Simulations of the consequences of tongue surgery on tongue mobility: implications for speech production in post-surgery conditions

BACKGROUND

We studied the ability of a three-dimensional (3D) biomechanical model of the oral cavity to predict the consequences of tongue surgery on tongue movements, according to the size and location of the tissue loss and the nature of the flap used by the surgeon.

METHOD

The core of our model consists of a 3D biomechanical model representing the tongue as a finite element structure with hexahedral elements and hyperelastic properties, in which muscles are represented by specific subsets of elements. This model is inserted in the oral cavity including jaw, palate and pharyngeal walls. Hemiglossectomy and large resection of the mouth floor are simulated by removing the elements corresponding to the tissue losses. Three kinds of reconstruction are modelled, assuming flaps with low, medium or high stiffness.

RESULTS

The consequences of these different surgical treatments during the activation of some of the main tongue muscles are shown. Differences in global 3D tongue shape and in velocity patterns are evaluated and interpreted in terms of their potential impact on speech articulation.

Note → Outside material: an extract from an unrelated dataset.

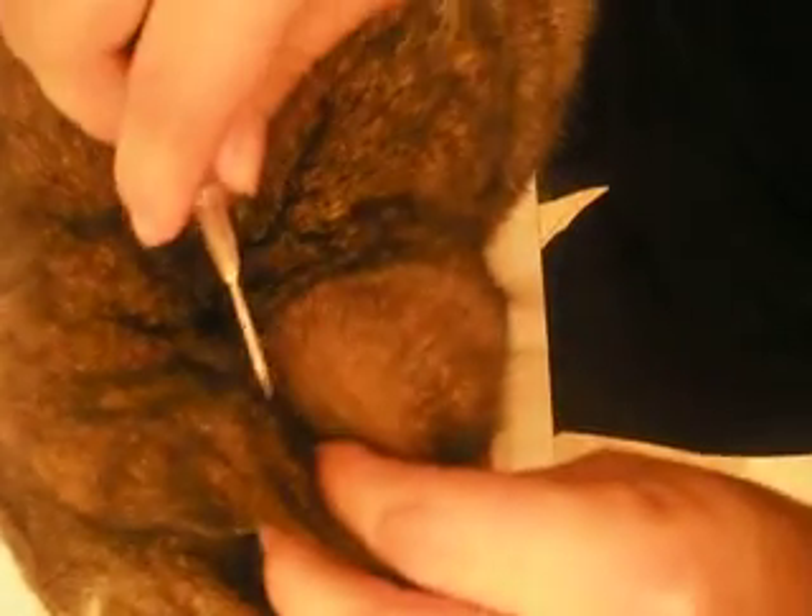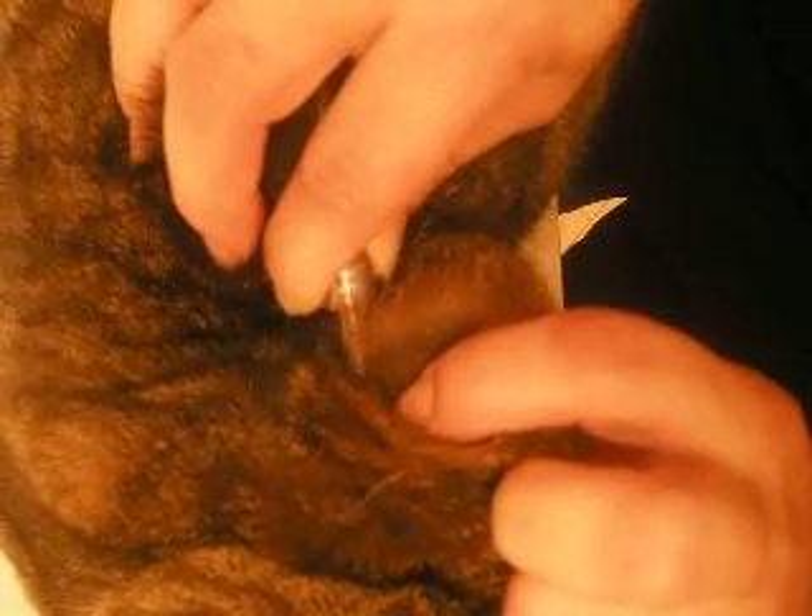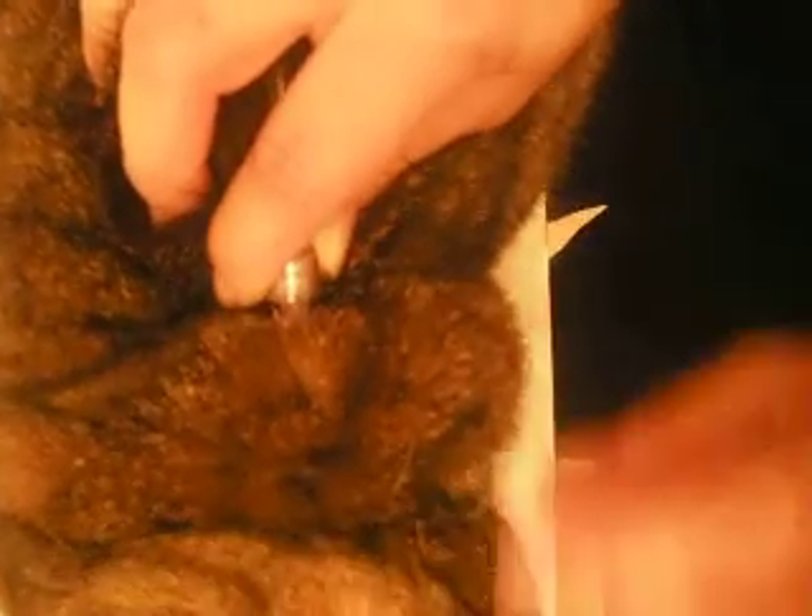Then you just lift that and insert the needle gently, parallel to the spine, like that. You don't go at any angles — you just go straight in with the needle.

These simulations have been shown to be efficient in accounting for some of the clinically observed consequences of tongue surgery.

CONCLUSION

Further improvements still need to be done before being able to generate patient-specific models easily and to decrease the computation time significantly. However, this approach should represent a significant improvement in planning tongue surgery systems and should be a very useful means of improving the understanding of muscle behaviour after partial resection.

Intra-operative quantification of the surgical gesture in orbital surgery: application to the proptosis reduction

BACKGROUND

Proptosis is characterized by a protrusion of the eyeball due to an increase of the orbital tissue volume. To recover a normal eyeball positioning, the most frequent surgical technique consists in the osteotomy of orbital walls combined with a loading on the eyeball to initiate tissue decompression. The first biomechanical models dealing with proptosis reduction, validated in one patient, have been previously proposed by the authors.

METHODS

This paper proposed an experimental method to quantify the intra-operative clinical gesture in proptosis reduction, and the pilot study concerned one clinical case. The eyeball's backward displacement was measured by an optical 3D localizer and the load applied by the surgeon was simultaneously measured by a custom-made force gauge. Quasi-static stiffness of the intra-orbital content was evaluated.

FINDINGS

The average values for the whole experiment was 16 N (SD: 3N) for the force exerted by the surgeon and 9 mm (SD: 4mm) for the eyeball backward displacement. The averaged quasi-static stiffness of the orbital content was evaluated to 2.4N/mm (SD: 1.2) and showed a global decrease of 45% post-operatively.

INTERPRETATION

The protocol and the associated custom-designed devices allowed loads, induced displacements and macroscopic stiffness of the orbital content to be measured intra-operatively. The clinical relevance has been demonstrated in a pilot study. To our knowledge, no study has been published allowing the clinical gesture in proptosis reduction to be quantified intra-operatively. Associating an enlarged database and validated patient-related predictive models will reinforce the surgical efficiency and patient comfort contributing to diagnosis and intra-operative guidance.